Les assassinats de Duisbourg en août 2007 ont choqué l’Allemagne et l’Europe. Ils révèlent l’implantation durable de la mafia calabraise sur le territoire. Bien sûr, cette présence est liée au trafic de stupéfiants. Mais elle met aussi en lumière l’existence de plusieurs restaurants et activités légales de propriété d’individus connus de la police italienne. De plus, l’une des victimes venait d’être affiliée à la ‘ndrangheta : de tels rites d’initiation ne peuvent se tenir sur des territoires neutres. De nombreux éléments pointent donc vers une présence véritablement mafieuse en Allemagne allant au-delà du seul accompagnement logistique du trafic de drogues. L’opération « Stige » de 2018 montre que les restaurateurs calabrais en Allemagne subissent des pressions quant au choix de leurs fournisseurs. On a là une caractéristique du conditionnement territorial propre aux mafias.

Pour la France, des questions se posent aussi. L’opération « Svolta » menée en 2012 par l’Italie concerne en premier lieu la Ligurie. Mais les développements de l’enquête permettent d’identifier une entreprise du bâtiment de Menton comme étant propriété de la famille des Pellegrino de Bordighera. L’entreprise sera liquidée par la justice italienne. Elle montre que la mafia calabraise ne se contente pas du trafic de stupéfiants mais infiltre aussi un secteur clef de l’économie légale, un secteur qui permet de nouer des liens avec la sphère politique locale. L’entreprise avait d’ailleurs décroché un marché public pour la rénovation de la Maison de justice de Menton.
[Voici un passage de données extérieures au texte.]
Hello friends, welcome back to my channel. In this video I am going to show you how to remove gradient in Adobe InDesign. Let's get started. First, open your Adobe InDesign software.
Ces différents cas ont en commun d’avoir fait l’objet d’une détection tardive (voire d’une détection partielle en dehors d’Italie). A la source de cette détection tardive, une attitude de déni aussi bien au niveau de la population que des forces de l’ordre et de la justice. L’attention se focalise sur les seuls trafics illégaux, ce qui ravale le comportement des mafias à celui d’une organisation criminelle standard. On suppose aussi trop souvent que la sphère légale est capable de se défendre contre la grande criminalité. Deux mondes cohabiteraient, l’économie légale et l’économie criminelle, sans que la seconde puisse pervertir la première. Pourtant, une des grandes explications de la détection tardive est l’acceptation, voire la complicité du monde légal : la trajectoire de l’Emilie-Romagne est particulièrement révélatrice de la façon dont nombre d’entrepreneurs établis ont considéré que les mafieux calabrais représentaient non une menace mais une opportunité économique.

Des défis pour la lutte antimafia

Les spécificités des mafias, la possibilité que de telles spécificités se déploient pleinement en dehors des territoires d’origine mettent au défi la lutte antimafia, notamment à l’international. Ces défis sont au moins au nombre de trois et concernent la nécessité de définir clairement ce qu’est une mafia, les ambiguïtés du monde légal et l’importance à cet égard de la confiscation des avoirs criminels.

L’Italie est à ce jour le seul pays au monde à avoir juridiquement défini ce qu’est une mafia à l’article 416 bis du Code pénal. Elle plaide depuis pour que les autres pays, notamment européens, adoptent également cette définition. Sans résultat. Pourtant, cela permettrait aux forces de l’ordre et à la justice de sortir de représentations trop souvent biaisées du phénomène. Parmi ces biais il y a l’idée que les mafias seraient un produit purement italien et donc incapable de s’exporter en tant que tel hors des régions d’origine. Ou bien la mafia est assimilée à de organisations criminelles standards : on se focalise alors sur les seuls marchés illégaux (au premier rang desquels le trafic de stupéfiants) en en réduisant la logique à celle de la maximisation du profit. Comme le soulignent Anna Sergi et Alice Rizzuti: « The search for power, subjugation, and territorial intimidation (the mafia method) is almost never considered abroad, because it does not necessarily help to carry on what essentially are believed to be economic opportunities”[6]). La définition des groupes criminels organisés adoptée lors de la Convention des Nations Unies de Palerme en 2000 ne permet pas d’appréhender la menace réellement posée par les mafias. Adopter une définition juridique spécifique aux associations mafieuses ne remettrait pas en cause les outils existants mais viendrait combler une faille dans la perception et donc dans la lutte contre une forme particulière de criminalité organisée.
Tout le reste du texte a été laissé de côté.